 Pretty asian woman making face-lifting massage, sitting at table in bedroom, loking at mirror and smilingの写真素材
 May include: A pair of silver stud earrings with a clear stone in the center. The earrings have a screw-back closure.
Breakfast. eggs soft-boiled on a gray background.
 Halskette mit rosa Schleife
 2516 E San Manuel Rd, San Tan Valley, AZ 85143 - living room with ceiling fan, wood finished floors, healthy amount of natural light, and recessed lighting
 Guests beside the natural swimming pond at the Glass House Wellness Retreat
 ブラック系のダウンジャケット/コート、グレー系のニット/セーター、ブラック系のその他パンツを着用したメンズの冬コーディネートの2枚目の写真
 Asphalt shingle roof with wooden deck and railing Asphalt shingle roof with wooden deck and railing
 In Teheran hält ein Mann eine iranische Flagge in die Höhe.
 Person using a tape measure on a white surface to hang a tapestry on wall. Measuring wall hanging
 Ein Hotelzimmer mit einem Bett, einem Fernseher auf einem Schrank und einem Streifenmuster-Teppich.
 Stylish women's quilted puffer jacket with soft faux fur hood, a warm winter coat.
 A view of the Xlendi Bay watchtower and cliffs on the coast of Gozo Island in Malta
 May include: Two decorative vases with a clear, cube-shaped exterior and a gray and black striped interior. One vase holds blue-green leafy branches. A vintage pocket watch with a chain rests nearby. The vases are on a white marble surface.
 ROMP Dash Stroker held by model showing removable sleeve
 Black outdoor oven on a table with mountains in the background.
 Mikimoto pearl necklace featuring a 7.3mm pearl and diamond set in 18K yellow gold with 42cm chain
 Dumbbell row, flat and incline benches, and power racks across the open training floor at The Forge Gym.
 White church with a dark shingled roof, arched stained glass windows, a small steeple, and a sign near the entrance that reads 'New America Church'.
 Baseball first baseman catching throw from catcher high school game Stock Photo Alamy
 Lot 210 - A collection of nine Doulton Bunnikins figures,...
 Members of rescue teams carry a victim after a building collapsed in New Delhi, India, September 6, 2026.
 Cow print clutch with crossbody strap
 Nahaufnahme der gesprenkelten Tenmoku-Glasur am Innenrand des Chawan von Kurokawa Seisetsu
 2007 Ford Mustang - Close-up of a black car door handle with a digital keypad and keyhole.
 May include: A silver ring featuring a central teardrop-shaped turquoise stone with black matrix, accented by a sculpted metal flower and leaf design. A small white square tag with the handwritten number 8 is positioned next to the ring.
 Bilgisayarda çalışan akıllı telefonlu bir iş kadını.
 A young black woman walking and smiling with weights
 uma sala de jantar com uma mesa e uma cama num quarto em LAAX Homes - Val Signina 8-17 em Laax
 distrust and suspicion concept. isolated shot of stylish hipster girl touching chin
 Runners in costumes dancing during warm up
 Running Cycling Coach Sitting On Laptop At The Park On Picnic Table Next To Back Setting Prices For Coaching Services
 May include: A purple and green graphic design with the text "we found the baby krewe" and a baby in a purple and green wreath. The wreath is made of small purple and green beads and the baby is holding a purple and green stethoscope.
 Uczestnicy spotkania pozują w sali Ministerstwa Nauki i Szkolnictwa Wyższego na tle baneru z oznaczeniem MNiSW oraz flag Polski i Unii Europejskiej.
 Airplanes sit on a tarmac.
====
Start from the line that holds "Bilgisayarda çalışan akıllı" and print each line to the end of the records exactly, leaving out everything before it.

#### [TASK OUTPUT]
 Bilgisayarda çalışan akıllı telefonlu bir iş kadını.
 A young black woman walking and smiling with weights
 uma sala de jantar com uma mesa e uma cama num quarto em LAAX Homes - Val Signina 8-17 em Laax
 distrust and suspicion concept. isolated shot of stylish hipster girl touching chin
 Runners in costumes dancing during warm up
 Running Cycling Coach Sitting On Laptop At The Park On Picnic Table Next To Back Setting Prices For Coaching Services
 May include: A purple and green graphic design with the text "we found the baby krewe" and a baby in a purple and green wreath. The wreath is made of small purple and green beads and the baby is holding a purple and green stethoscope.
 Uczestnicy spotkania pozują w sali Ministerstwa Nauki i Szkolnictwa Wyższego na tle baneru z oznaczeniem MNiSW oraz flag Polski i Unii Europejskiej.
 Airplanes sit on a tarmac.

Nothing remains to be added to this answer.